# Supplied material
• • • •
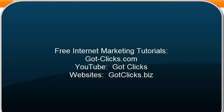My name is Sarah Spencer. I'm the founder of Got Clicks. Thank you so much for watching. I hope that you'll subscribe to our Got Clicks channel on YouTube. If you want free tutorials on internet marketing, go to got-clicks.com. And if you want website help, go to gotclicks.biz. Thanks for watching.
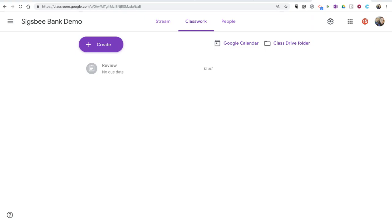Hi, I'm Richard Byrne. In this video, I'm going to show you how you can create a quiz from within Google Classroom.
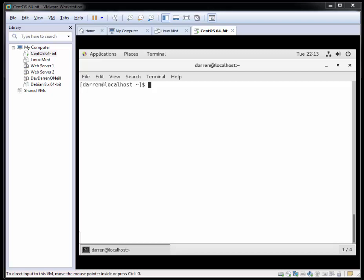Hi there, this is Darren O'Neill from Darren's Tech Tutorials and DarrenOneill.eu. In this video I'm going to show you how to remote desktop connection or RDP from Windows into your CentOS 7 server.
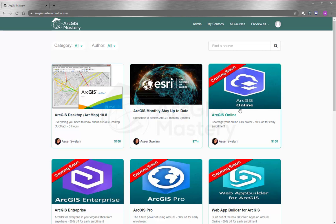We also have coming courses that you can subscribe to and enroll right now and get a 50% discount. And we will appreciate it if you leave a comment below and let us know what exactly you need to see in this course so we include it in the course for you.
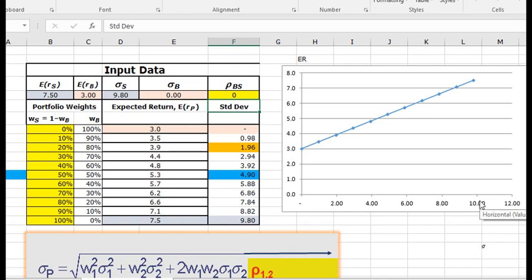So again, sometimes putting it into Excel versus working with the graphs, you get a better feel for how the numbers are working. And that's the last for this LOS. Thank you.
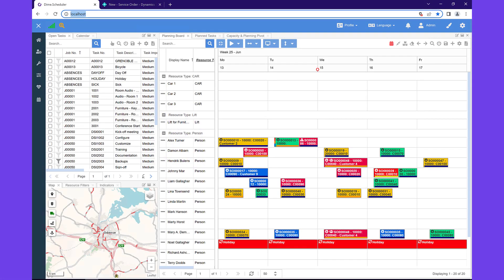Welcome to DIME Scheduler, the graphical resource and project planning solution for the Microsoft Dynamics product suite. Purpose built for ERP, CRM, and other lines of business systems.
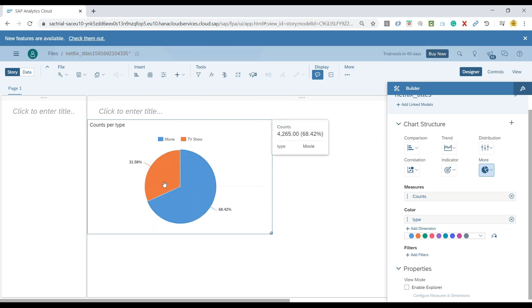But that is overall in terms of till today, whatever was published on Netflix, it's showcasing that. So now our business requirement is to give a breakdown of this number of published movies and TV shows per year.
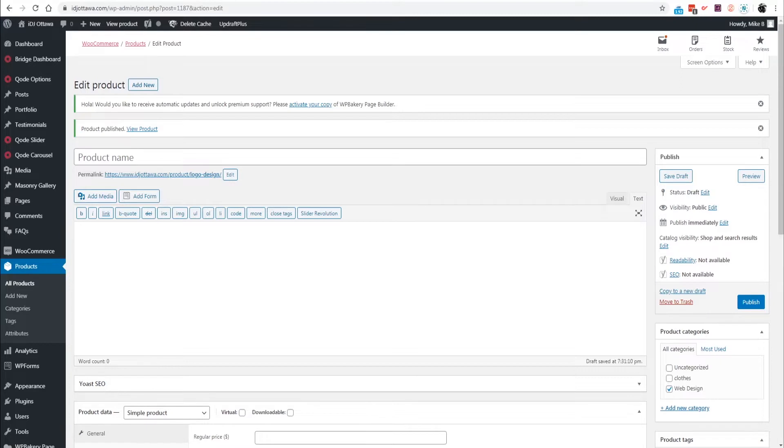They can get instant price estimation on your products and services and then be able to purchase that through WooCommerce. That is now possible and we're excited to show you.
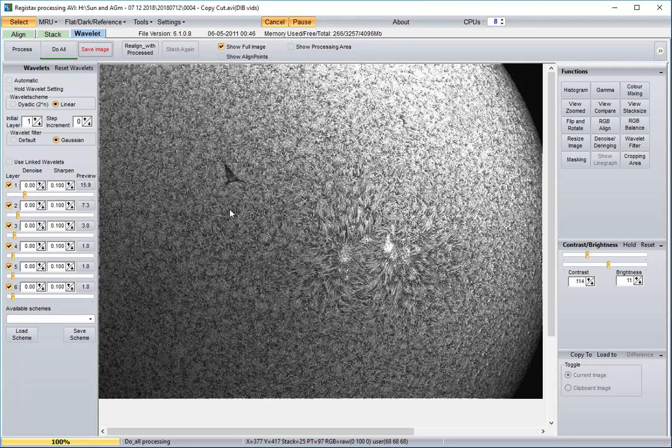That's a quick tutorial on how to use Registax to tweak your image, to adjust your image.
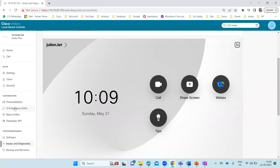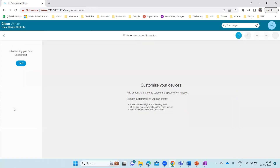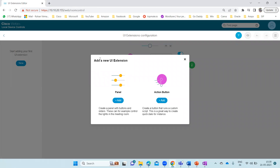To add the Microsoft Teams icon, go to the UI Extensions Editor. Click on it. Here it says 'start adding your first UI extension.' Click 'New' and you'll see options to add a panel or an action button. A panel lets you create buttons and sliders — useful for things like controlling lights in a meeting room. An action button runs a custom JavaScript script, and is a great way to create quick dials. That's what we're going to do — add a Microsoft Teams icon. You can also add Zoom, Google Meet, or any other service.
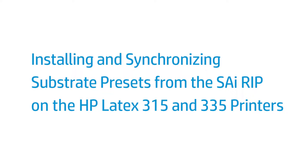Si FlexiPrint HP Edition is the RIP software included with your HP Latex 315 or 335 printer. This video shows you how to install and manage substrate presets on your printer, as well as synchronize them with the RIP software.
• • • •
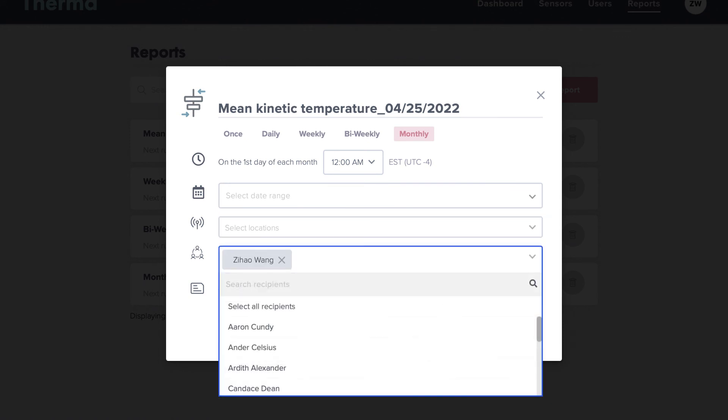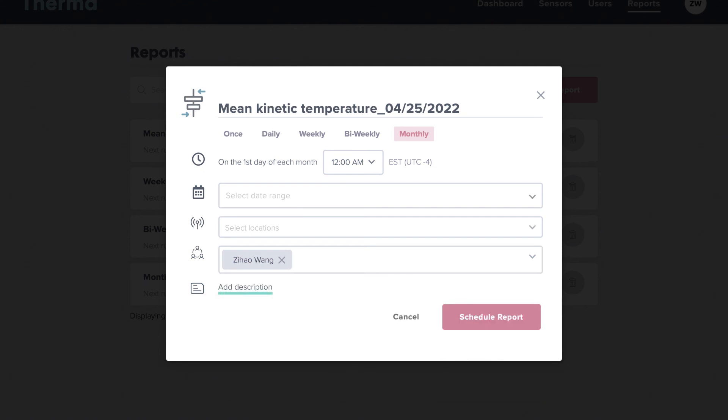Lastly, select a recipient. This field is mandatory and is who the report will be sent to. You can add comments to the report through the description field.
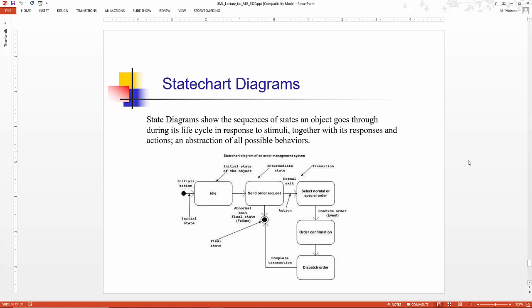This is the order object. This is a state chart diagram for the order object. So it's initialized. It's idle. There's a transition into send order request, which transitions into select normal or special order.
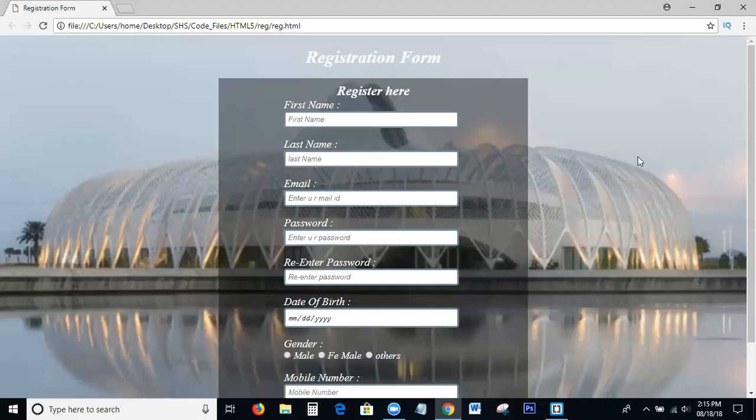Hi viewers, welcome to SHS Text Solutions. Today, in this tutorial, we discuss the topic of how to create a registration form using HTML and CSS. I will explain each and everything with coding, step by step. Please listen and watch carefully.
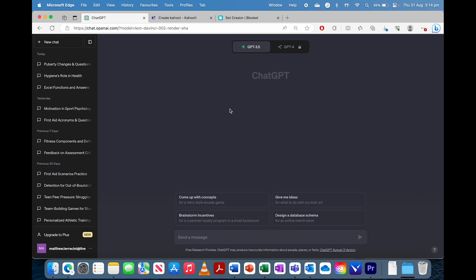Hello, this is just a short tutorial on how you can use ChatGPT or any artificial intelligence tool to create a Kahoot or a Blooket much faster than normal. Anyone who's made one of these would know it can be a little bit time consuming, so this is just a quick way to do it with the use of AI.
• • • •
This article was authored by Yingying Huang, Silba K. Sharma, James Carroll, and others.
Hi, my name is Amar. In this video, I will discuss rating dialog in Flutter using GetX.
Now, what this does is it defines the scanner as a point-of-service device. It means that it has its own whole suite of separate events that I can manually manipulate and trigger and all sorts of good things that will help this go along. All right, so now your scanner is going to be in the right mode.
• • • •
# Task to carry out
Starting at the line above that holds "Hi, I'm Richard", repeat every line exactly down to and including the line that holds "So again, sometimes", then stop. Do not carry over any pictures.

# Answer to this problem
Hi, I'm Richard Byrne. In this video, I'm going to show you how you can create a quiz from within Google Classroom.
Hi there, this is Darren O'Neill from Darren's Tech Tutorials and DarrenOneill.eu. In this video I'm going to show you how to remote desktop connection or RDP from Windows into your CentOS 7 server.
We also have coming courses that you can subscribe to and enroll right now and get a 50% discount. And we will appreciate it if you leave a comment below and let us know what exactly you need to see in this course so we include it in the course for you.
So again, sometimes putting it into Excel versus working with the graphs, you get a better feel for how the numbers are working. And that's the last for this LOS. Thank you.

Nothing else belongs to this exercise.